_Task description:_
Reproduce every record below exactly, with the pictures left out.

_Record excerpts:_

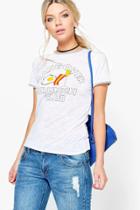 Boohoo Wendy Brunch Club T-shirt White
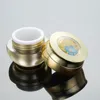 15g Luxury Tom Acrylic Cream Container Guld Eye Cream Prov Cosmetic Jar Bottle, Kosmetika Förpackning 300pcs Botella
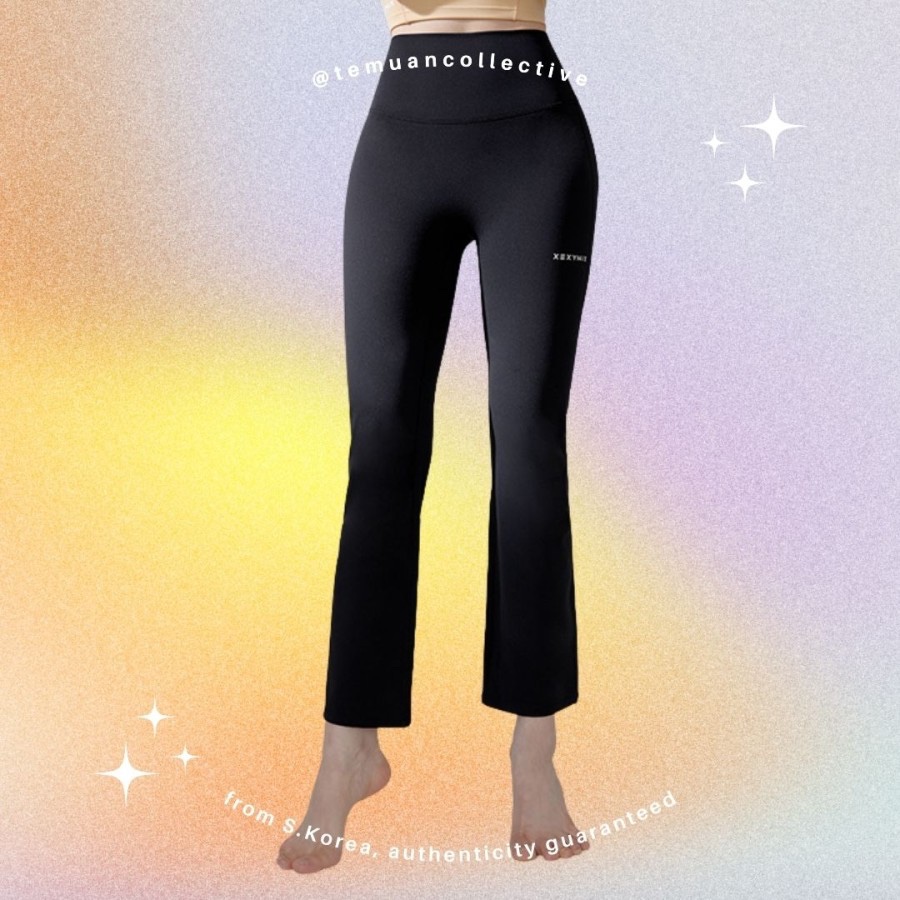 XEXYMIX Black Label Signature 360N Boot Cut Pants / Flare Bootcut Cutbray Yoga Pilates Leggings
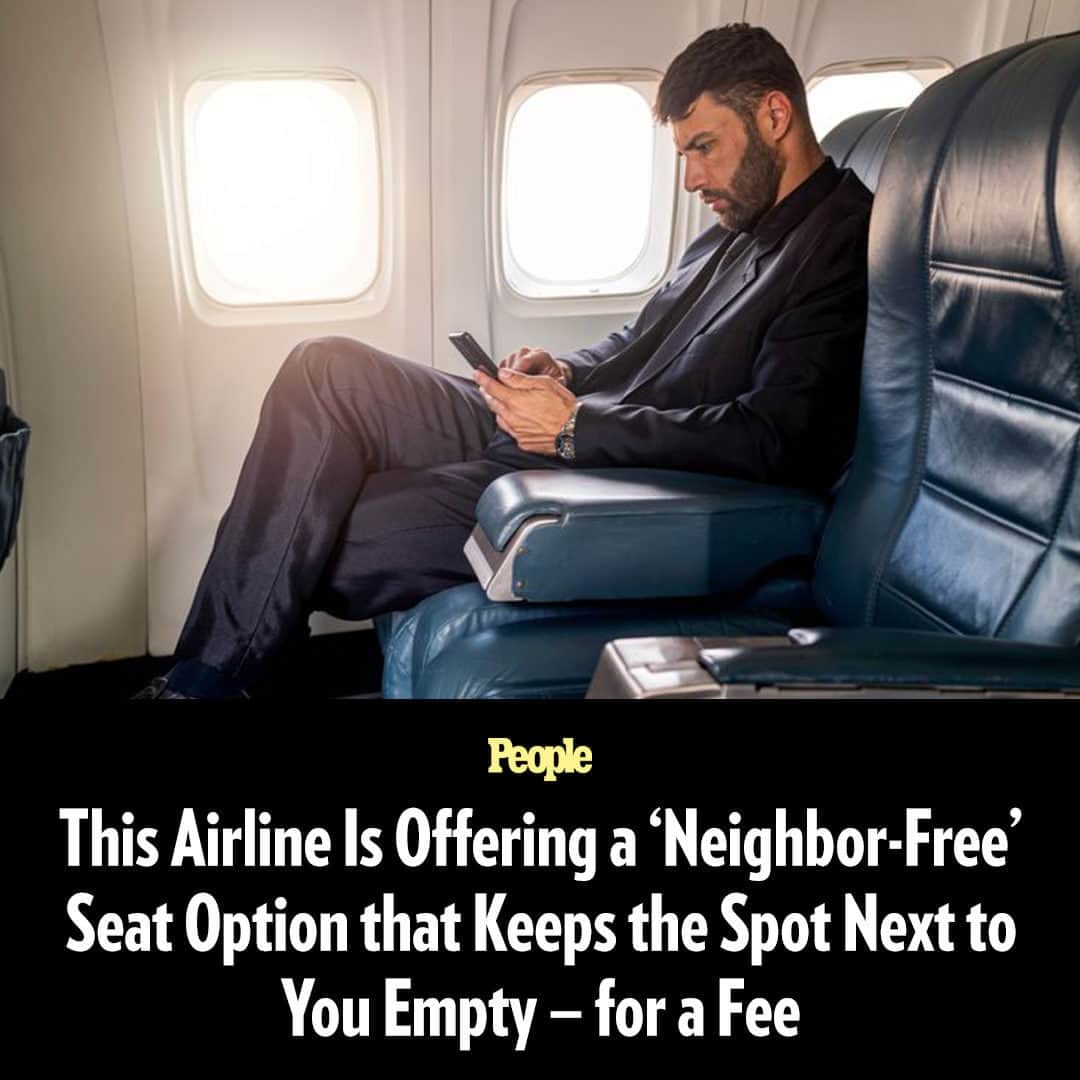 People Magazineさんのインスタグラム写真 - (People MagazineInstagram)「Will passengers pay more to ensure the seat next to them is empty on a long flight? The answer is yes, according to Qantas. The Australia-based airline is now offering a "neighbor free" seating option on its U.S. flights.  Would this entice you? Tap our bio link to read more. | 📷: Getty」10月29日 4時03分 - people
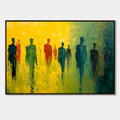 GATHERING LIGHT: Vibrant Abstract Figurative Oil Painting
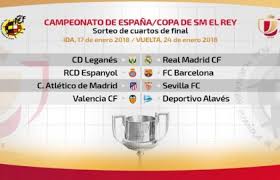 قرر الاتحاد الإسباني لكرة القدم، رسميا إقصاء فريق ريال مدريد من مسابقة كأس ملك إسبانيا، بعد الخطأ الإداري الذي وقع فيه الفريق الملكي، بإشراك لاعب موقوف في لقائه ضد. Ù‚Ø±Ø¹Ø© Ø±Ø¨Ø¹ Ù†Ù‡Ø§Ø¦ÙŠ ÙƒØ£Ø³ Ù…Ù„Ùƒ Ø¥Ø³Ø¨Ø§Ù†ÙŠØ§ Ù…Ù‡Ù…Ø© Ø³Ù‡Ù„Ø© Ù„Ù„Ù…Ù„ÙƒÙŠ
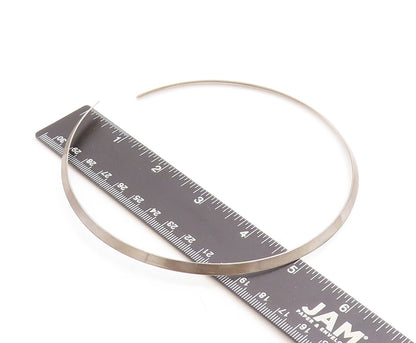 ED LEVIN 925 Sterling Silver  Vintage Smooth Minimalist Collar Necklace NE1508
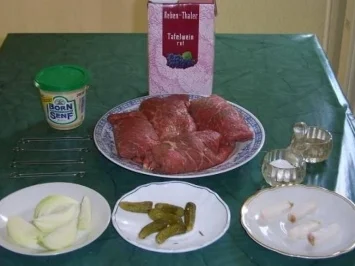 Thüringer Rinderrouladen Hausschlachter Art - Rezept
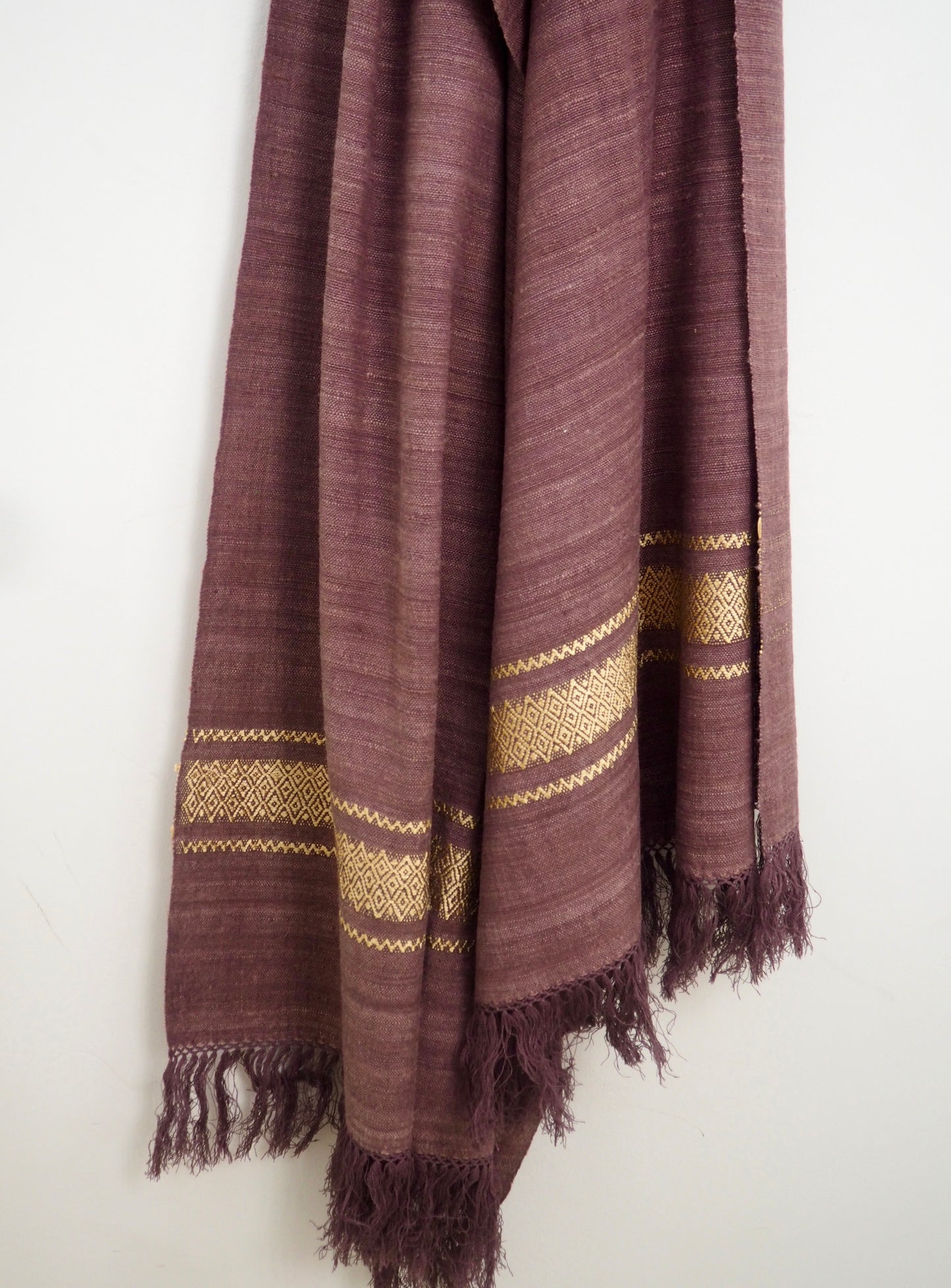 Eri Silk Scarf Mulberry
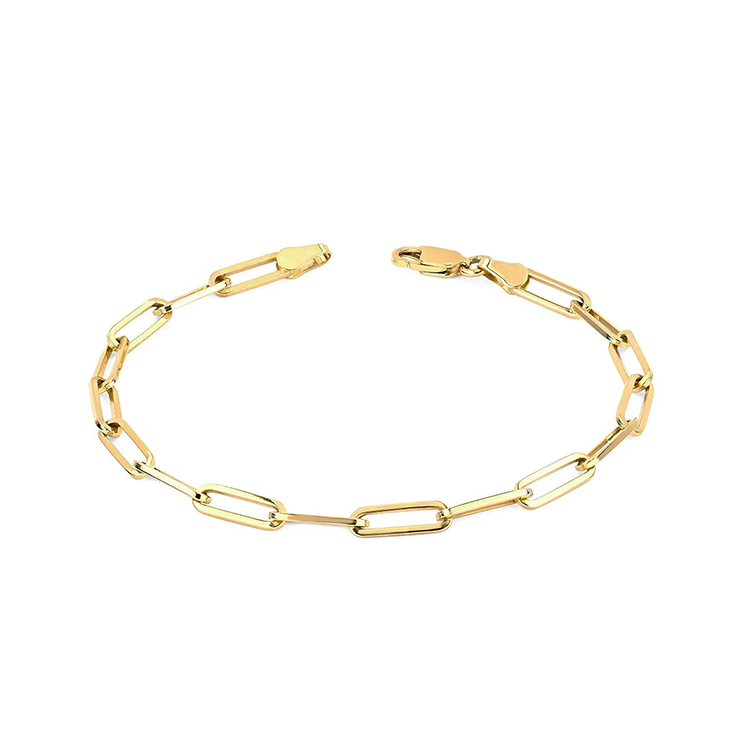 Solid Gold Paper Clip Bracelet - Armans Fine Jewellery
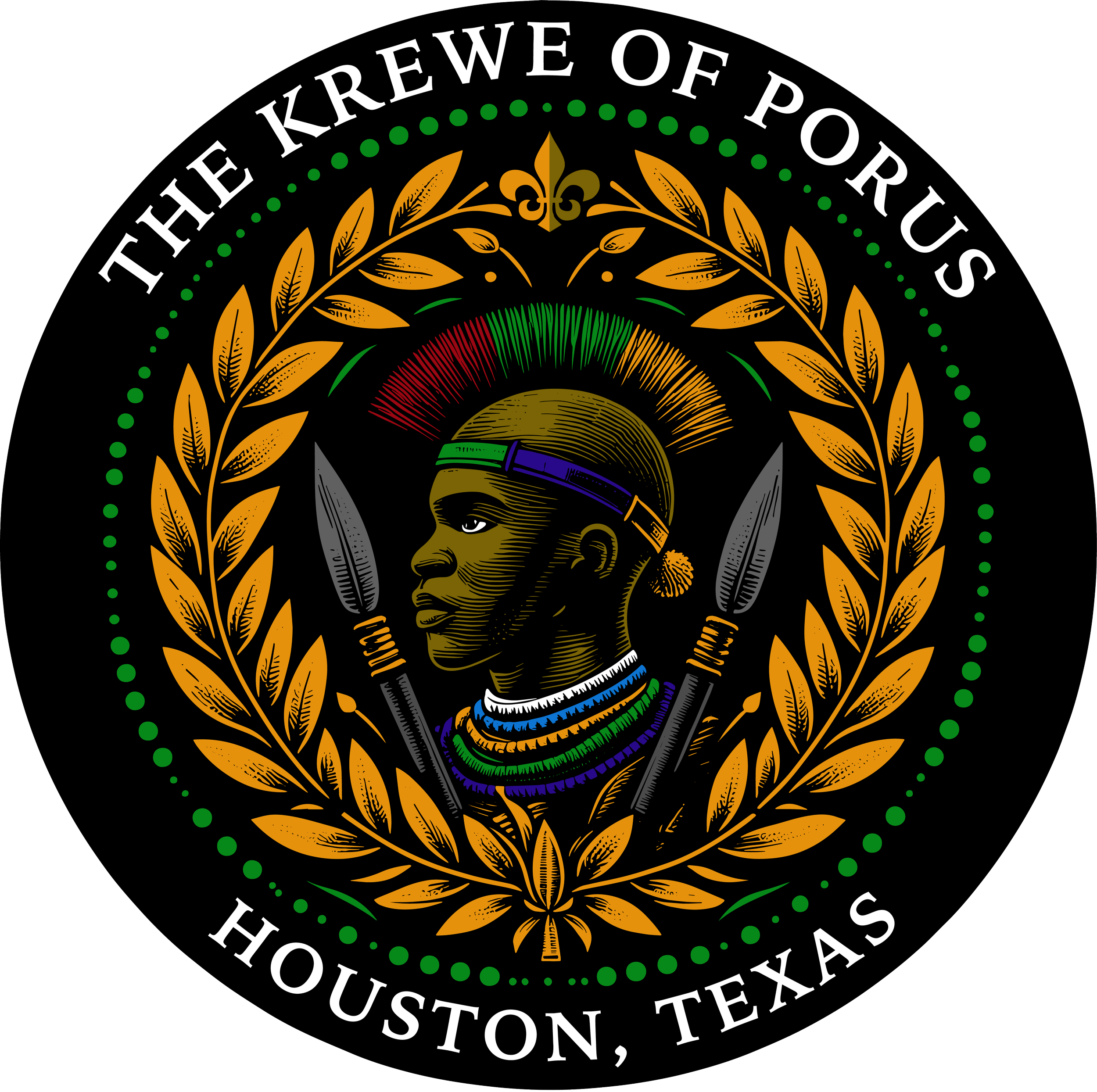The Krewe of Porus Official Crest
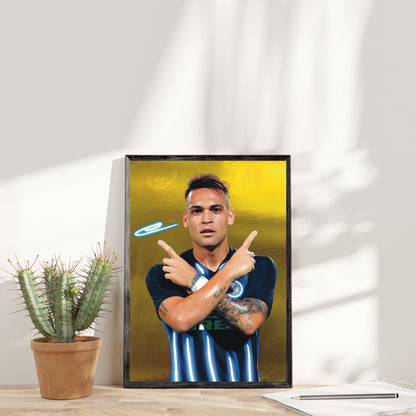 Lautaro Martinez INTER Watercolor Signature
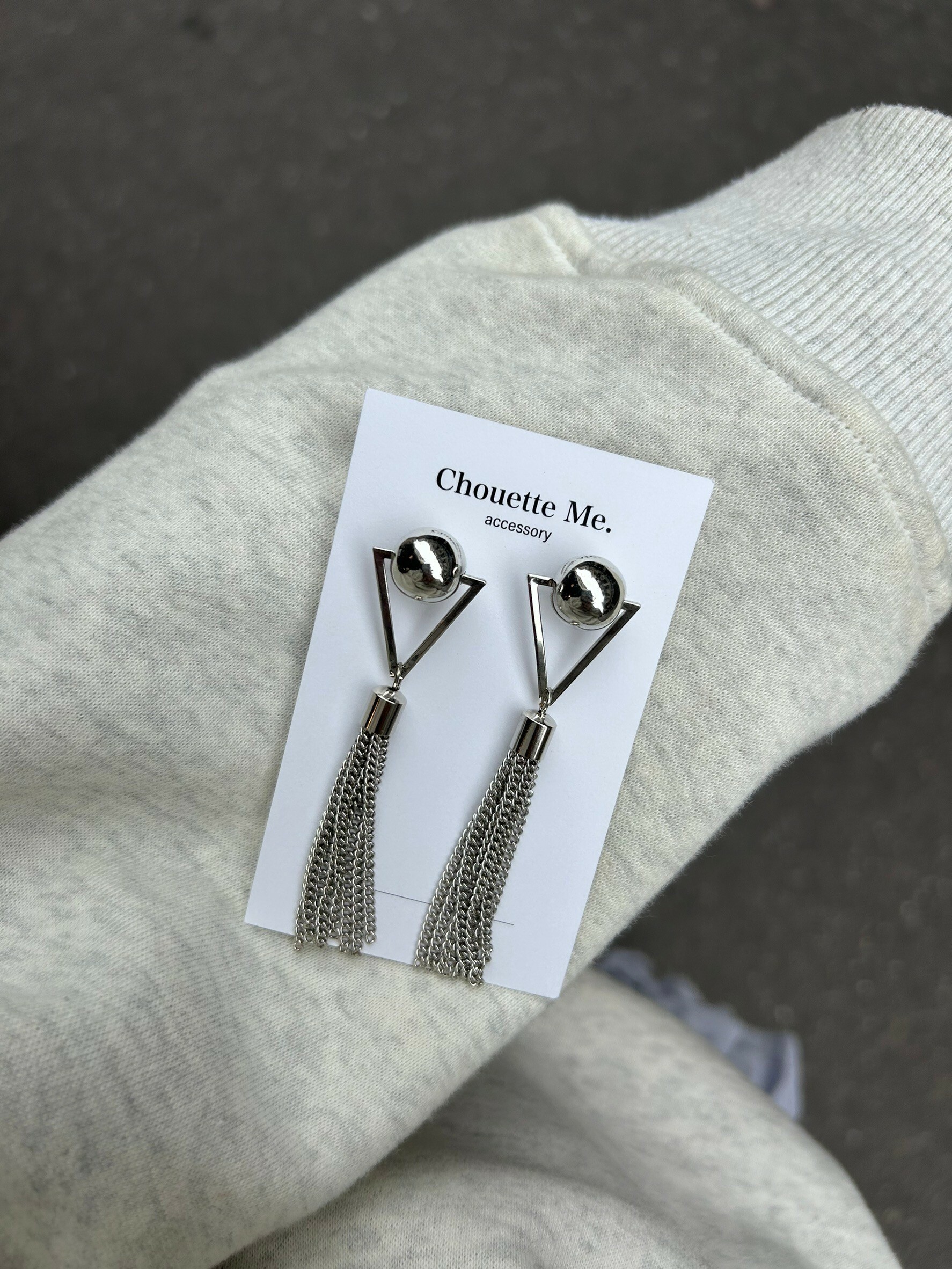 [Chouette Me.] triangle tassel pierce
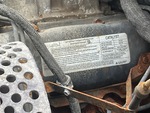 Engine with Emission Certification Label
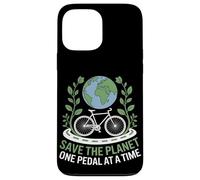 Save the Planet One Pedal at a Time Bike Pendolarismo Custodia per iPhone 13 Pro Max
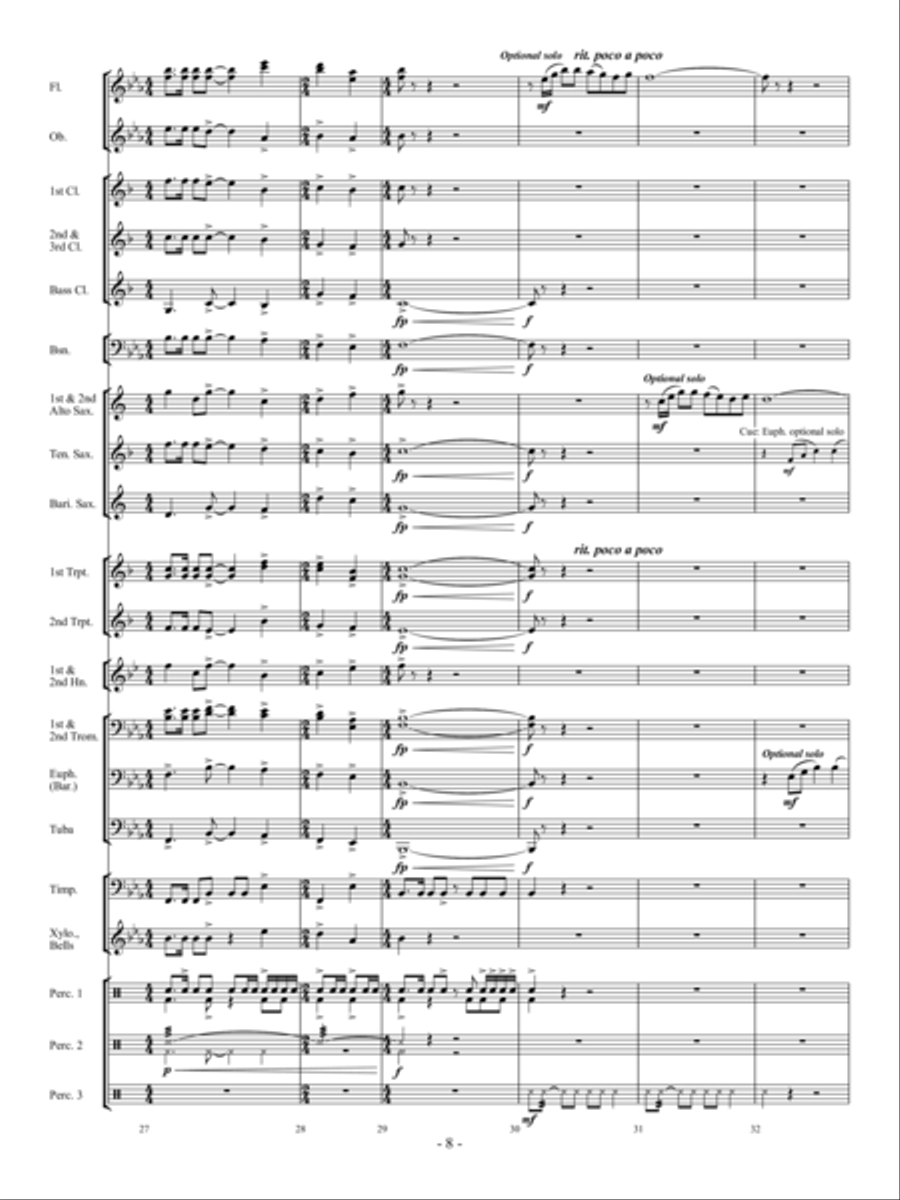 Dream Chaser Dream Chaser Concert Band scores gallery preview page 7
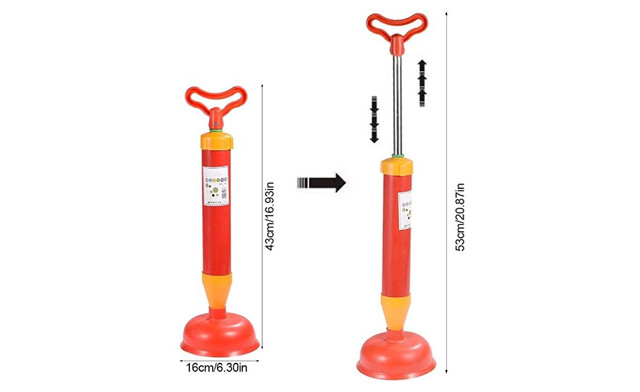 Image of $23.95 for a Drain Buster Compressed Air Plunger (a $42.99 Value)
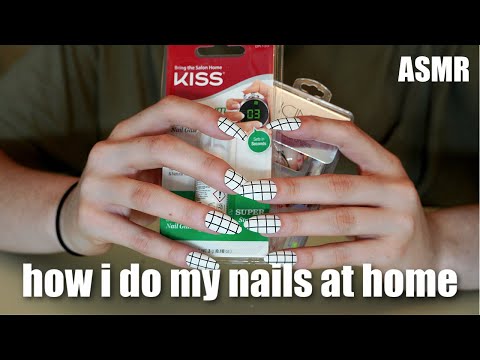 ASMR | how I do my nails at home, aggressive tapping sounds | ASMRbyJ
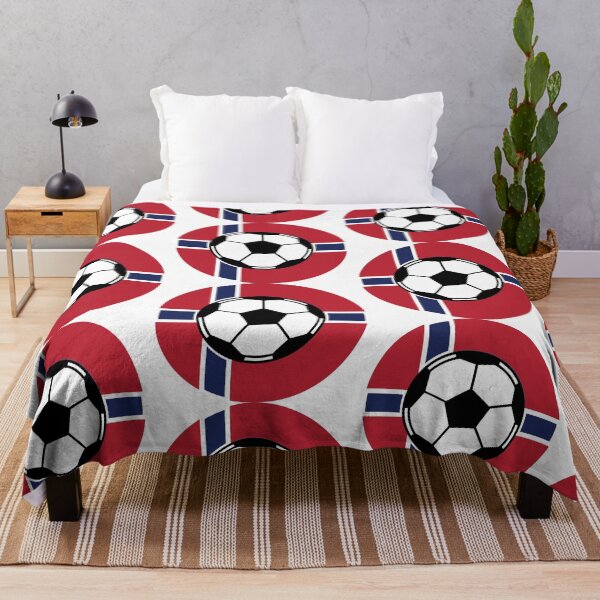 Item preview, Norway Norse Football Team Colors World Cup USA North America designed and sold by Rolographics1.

_Task solution:_
 Boohoo Wendy Brunch Club T-shirt White
 15g Luxury Tom Acrylic Cream Container Guld Eye Cream Prov Cosmetic Jar Bottle, Kosmetika Förpackning 300pcs Botella
 XEXYMIX Black Label Signature 360N Boot Cut Pants / Flare Bootcut Cutbray Yoga Pilates Leggings
 People Magazineさんのインスタグラム写真 - (People MagazineInstagram)「Will passengers pay more to ensure the seat next to them is empty on a long flight? The answer is yes, according to Qantas. The Australia-based airline is now offering a "neighbor free" seating option on its U.S. flights.  Would this entice you? Tap our bio link to read more. | 📷: Getty」10月29日 4時03分 - people
 GATHERING LIGHT: Vibrant Abstract Figurative Oil Painting
 قرر الاتحاد الإسباني لكرة القدم، رسميا إقصاء فريق ريال مدريد من مسابقة كأس ملك إسبانيا، بعد الخطأ الإداري الذي وقع فيه الفريق الملكي، بإشراك لاعب موقوف في لقائه ضد. Ù‚Ø±Ø¹Ø© Ø±Ø¨Ø¹ Ù†Ù‡Ø§Ø¦ÙŠ ÙƒØ£Ø³ Ù…Ù„Ùƒ Ø¥Ø³Ø¨Ø§Ù†ÙŠØ§ Ù…Ù‡Ù…Ø© Ø³Ù‡Ù„Ø© Ù„Ù„Ù…Ù„ÙƒÙŠ
 ED LEVIN 925 Sterling Silver  Vintage Smooth Minimalist Collar Necklace NE1508
 Thüringer Rinderrouladen Hausschlachter Art - Rezept
 Eri Silk Scarf Mulberry
 Solid Gold Paper Clip Bracelet - Armans Fine Jewellery
The Krewe of Porus Official Crest
 Lautaro Martinez INTER Watercolor Signature
 [Chouette Me.] triangle tassel pierce
 Engine with Emission Certification Label
 Save the Planet One Pedal at a Time Bike Pendolarismo Custodia per iPhone 13 Pro Max
 Dream Chaser Dream Chaser Concert Band scores gallery preview page 7
 Image of $23.95 for a Drain Buster Compressed Air Plunger (a $42.99 Value)
 ASMR | how I do my nails at home, aggressive tapping sounds | ASMRbyJ
 Item preview, Norway Norse Football Team Colors World Cup USA North America designed and sold by Rolographics1.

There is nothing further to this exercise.